I almost hate to say I told you so. But I’m pretty sure I kinda did.
I watched Chicago Tonight‘s hour-long show last night on the George Ryan verdict and I was once again struck by how weak Dan Webb’s defense strategy was. That’s not to blame him necessarily–he didn’t have a lot to work with. But the media sure bought his talking points hook, line, and sinker, didn’t they?
Perhaps it was out of an “objective” need to “balance” each side of the case, but in so doing the media didn’t present a true picture of reality: That the evidence was heavily against Ryan.


Webb outlined his three-point defense in a news conference at the beginning of the case that Chicago Tonight re-broadcast in part last night. This was how he planned to – and in fact did – defend Ryan.
1. After reviewing the indictment, Webb said, he was most struck by the fact that the government’s six-year investigation had not produced a single witness seeing Ryan accept payment for anything. This was Webb’s first and foremost line of defense. And this became the chief talking point repeated by reporters and pundits alike who wondered if the government had really proven its case.
It was a desperate talking point crafted by a lawyer without much else to hang his hat on. I never understood why the press bought into this as a legitimate line of defense. As the prosecution said, they were under no burden to produce any such witness. Ryan was not charged with accepting a bribe. He was charged with racketeering; what the government showed in abundance was that Ryan presided over a criminal operation mainly as secretary of state, but continuing as governor, that used state resources including employees to fund Ryan’s political career and campaign warchest, and rewarded employees with promotions and raises based on their participation.
At a higher level, campaign contributors such as the also now-convicted Larry Warner, were rewarded with sweetheart contracts. The media’s focus on Harry Klein paying for Ryan’s Jamaican vacations also missed the point: It wasn’t the relatively petty perk of a couple free vacations that Ryan got as much as the state leases that Klein got in return. That’s how you and I were ripped off. Our taxpayer money was used by Ryan to reward his friends, who put him in public office and kept him there.
At the heart of the operation was the already easily-convicted Scott Fawell, Ryan’s right-hand man.
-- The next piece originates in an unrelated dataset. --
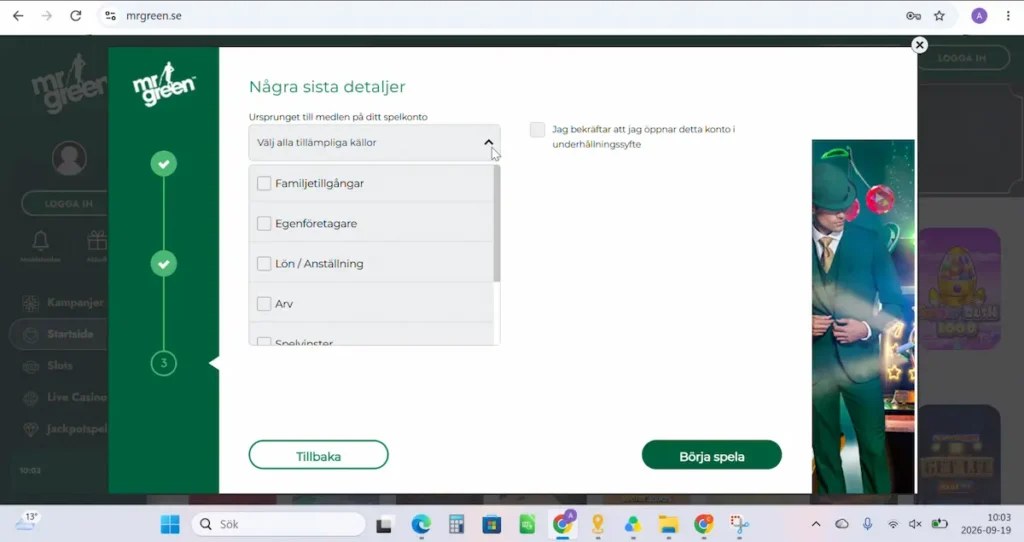 Test av Mr Green registrering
Ryan may not have known every detail as Fawell did, by design and practicality, but the government won the right to argue that an “ostrich” defense not be allowed to be argued–that showing Ryan did not know what was going on in his behalf was no excuse.
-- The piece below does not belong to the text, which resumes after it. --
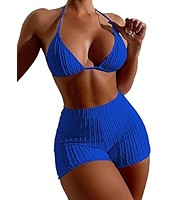 Amazon.com: COZYEASE Women's 2 Piece Swimsuits Halter Triangle Top with High Waisted Shorts Bathing Suits Bikini Sets Blue S : Clothing, | Amazon (US)
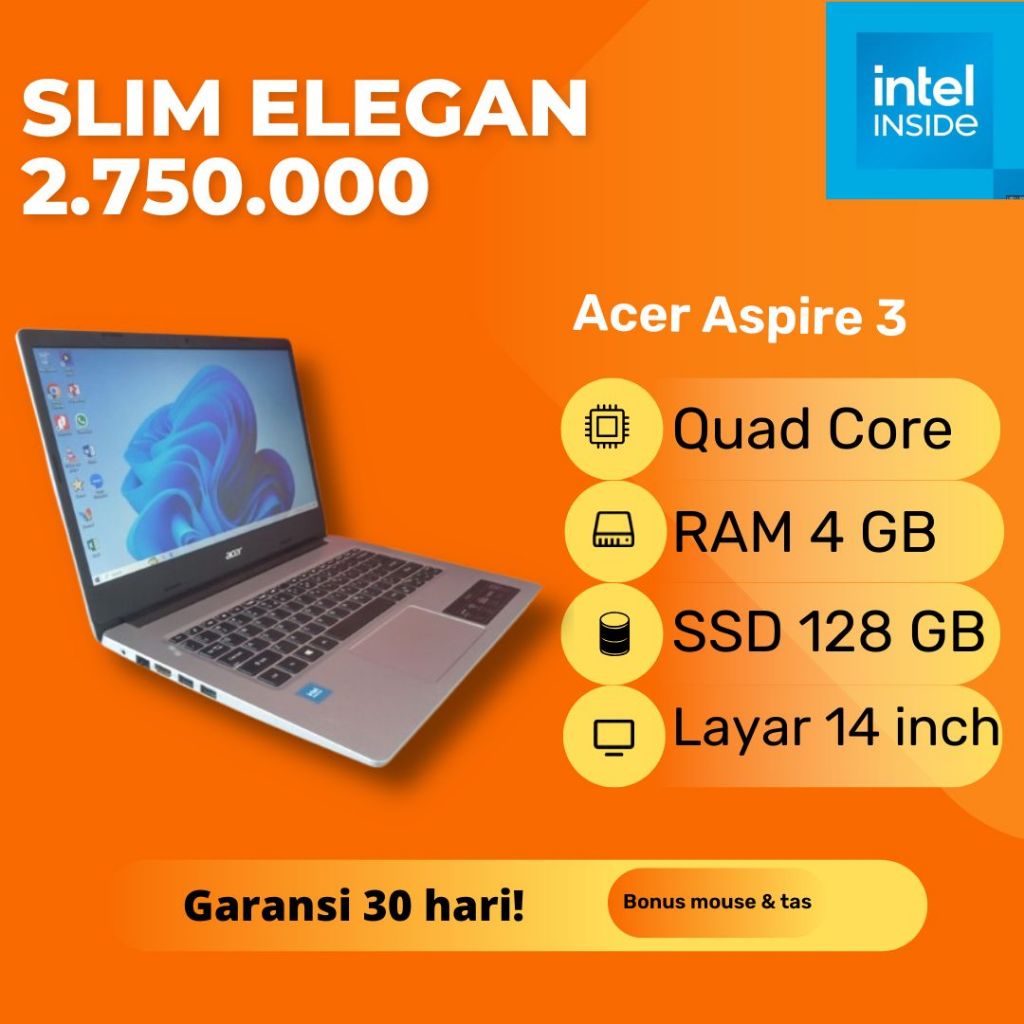 Laptop Acer Aspire 3 A314-35 Slim Silver Intel Celeron N5100 RAM 4GB SSD 128GB Quad Core Second Beka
So the prosecution didn’t have to produce a witness who saw an exchange in which cash went into Ryan’s pocket. And this was the best defense Webb could come up with. You have to wonder what the discussions were like with Ryan about copping a deal.
2. Webb’s second line of defense, he said in that initial press conference, was Ryan’s enactment of the death penalty moratorium. By this act of courage, Webb argued, the jury would come to know the character of the man.
Of course, while Webb was allowed to use anti-death penalty activists as character witnesses, the death penalty moratorium was as utterly irrelevant to the charges at hand as what I had for dinner last night. This being Webb’s second-best defense argument pretty much meant the case was already lost; I suspect in his heart he thought his best hope was creating and gathering reasons for a successful appeal on technical grounds or a mistrial that might at least get Ryan a better plea bargain or buy him more freedom before conviction.
3. Webb’s third line of defense was that Ryan was not a man of financial means. He lived modestly on his pension and Social Security, in a modest Kankakee home. And that didn’t square with a man on the take.
Tim Novak reports today in the Sun-Times, however, that Ryan’s pension amounts to $197, 037.60 a year. Does anyone really consider that modest? That’s 30 percent more than the current governor makes, according to Novak. Ryan, in fact, has already collected $566,660 since leaving office in January 2003. (And remember, he has no legal bills because Webb and his politically-connected, Jim Thompson-led law firm, Winston & Strawn, provided him with a $10 million defense for free. Hey, could Ryan be indicted for that political favor? And isn’t that evidence in itself of $10 million not so much in Ryan’s pocket but spent on his behalf?)
But this case wasn’t about showing that Ryan had put prodigious amounts of money in his own pockets, it was about Ryan putting money in the pockets of his political pals (as well as his daughters) in order to attain and retain public office. It’s almost always more about power than money with pols; the private sector is much more lucrative. If it was about money for Ryan, he could have become a lobbyist or a consultant or a vendor bidding for state contracts. Besides that, though, there was testimony that Ryan was planning to squirrel away a million dollars or so from his campaign fund for his retirement. Either way, he would be taken care of.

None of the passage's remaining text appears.